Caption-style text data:
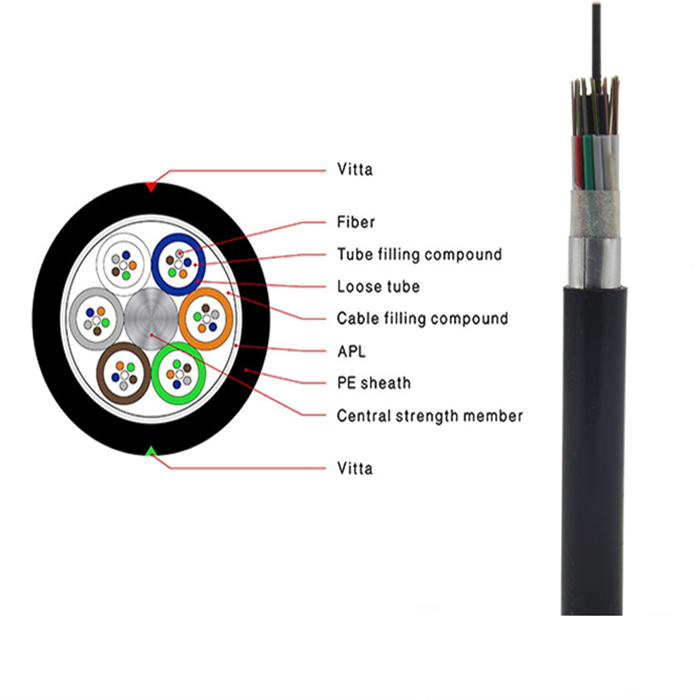 optical fibre internet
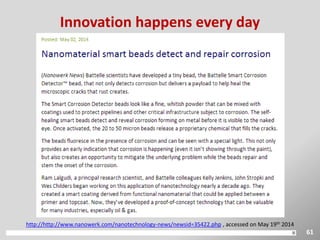 61
Innovation happens every day
http://http://www.nanowerk.com/nanotechnology-news/newsid=35422.php , accessed on May 19th 2014
 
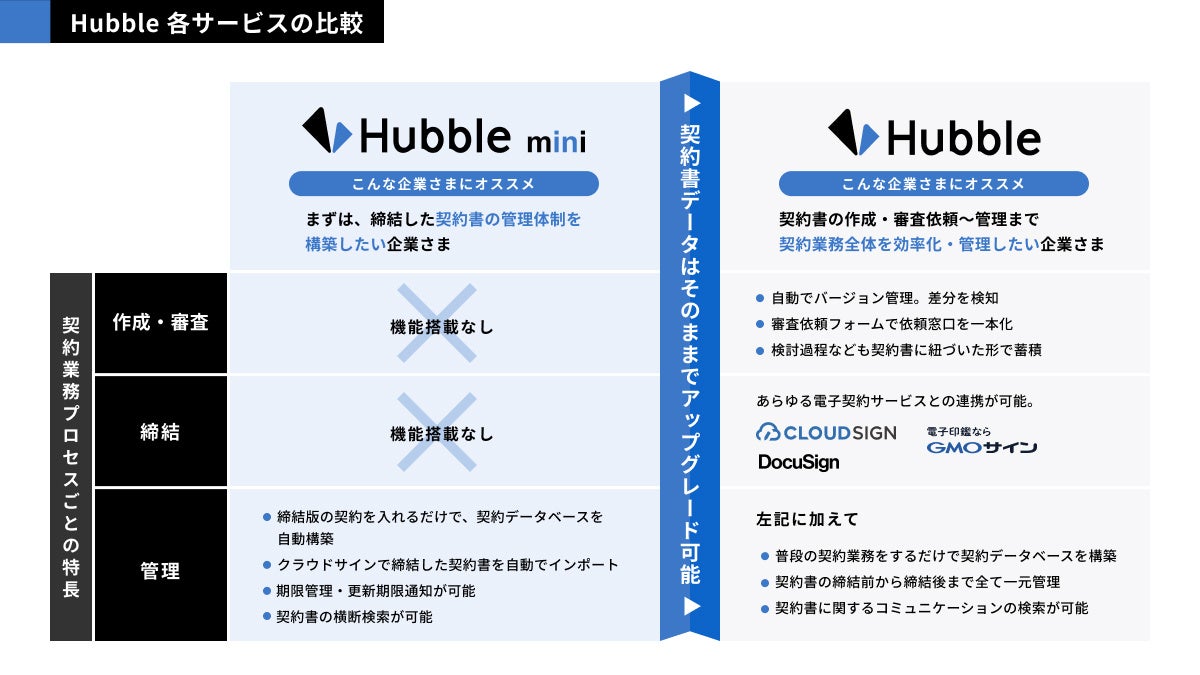 _񏑂̊Ǘ́A邾BHubbleuHubble miniv[X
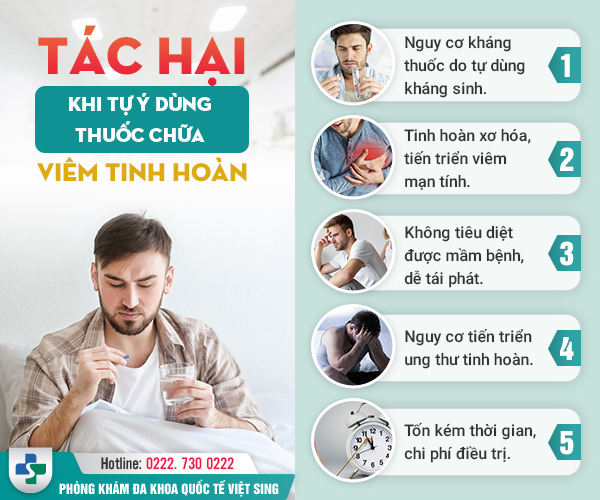 Phương pháp điều trị sưng tinh hoàn hiệu quả hiện nay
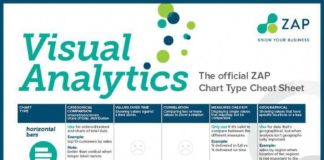 Medical infographic : Infographics Medical #InfographicsJobDescription #InfographicsDesign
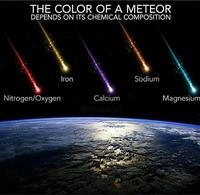 La couleur d’un météore dépend de sa composition chimique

**TASK BRIEF:** Reproduce all the entries that precede this task, word for word, minus any pictures.

**EXERCISE ANSWER:**
 optical fibre internet
 61
Innovation happens every day
http://http://www.nanowerk.com/nanotechnology-news/newsid=35422.php , accessed on May 19th 2014
 
 _񏑂̊Ǘ́A邾BHubbleuHubble miniv[X
 Phương pháp điều trị sưng tinh hoàn hiệu quả hiện nay
 Medical infographic : Infographics Medical #InfographicsJobDescription #InfographicsDesign
 La couleur d’un météore dépend de sa composition chimique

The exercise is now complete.